• **Exercise**
Reproduce the whole listing exactly.

• **Information provided**
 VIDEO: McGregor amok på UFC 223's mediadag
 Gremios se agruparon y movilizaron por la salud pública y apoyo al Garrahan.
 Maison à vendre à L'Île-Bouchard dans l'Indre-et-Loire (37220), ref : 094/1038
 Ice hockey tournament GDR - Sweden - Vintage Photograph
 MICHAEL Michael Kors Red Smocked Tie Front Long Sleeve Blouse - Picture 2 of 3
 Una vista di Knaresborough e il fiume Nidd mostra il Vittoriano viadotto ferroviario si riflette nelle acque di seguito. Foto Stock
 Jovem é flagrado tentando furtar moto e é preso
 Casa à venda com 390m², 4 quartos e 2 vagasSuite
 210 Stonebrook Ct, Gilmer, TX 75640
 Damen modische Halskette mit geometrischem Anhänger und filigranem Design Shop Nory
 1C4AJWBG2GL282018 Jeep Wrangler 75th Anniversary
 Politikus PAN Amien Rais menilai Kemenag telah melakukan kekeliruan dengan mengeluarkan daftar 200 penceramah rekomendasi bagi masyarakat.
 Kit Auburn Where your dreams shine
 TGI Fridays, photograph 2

• **Reply to the task**
 VIDEO: McGregor amok på UFC 223's mediadag
 Gremios se agruparon y movilizaron por la salud pública y apoyo al Garrahan.
 Maison à vendre à L'Île-Bouchard dans l'Indre-et-Loire (37220), ref : 094/1038
 Ice hockey tournament GDR - Sweden - Vintage Photograph
 MICHAEL Michael Kors Red Smocked Tie Front Long Sleeve Blouse - Picture 2 of 3
 Una vista di Knaresborough e il fiume Nidd mostra il Vittoriano viadotto ferroviario si riflette nelle acque di seguito. Foto Stock
 Jovem é flagrado tentando furtar moto e é preso
 Casa à venda com 390m², 4 quartos e 2 vagasSuite
 210 Stonebrook Ct, Gilmer, TX 75640
 Damen modische Halskette mit geometrischem Anhänger und filigranem Design Shop Nory
 1C4AJWBG2GL282018 Jeep Wrangler 75th Anniversary
 Politikus PAN Amien Rais menilai Kemenag telah melakukan kekeliruan dengan mengeluarkan daftar 200 penceramah rekomendasi bagi masyarakat.
 Kit Auburn Where your dreams shine
 TGI Fridays, photograph 2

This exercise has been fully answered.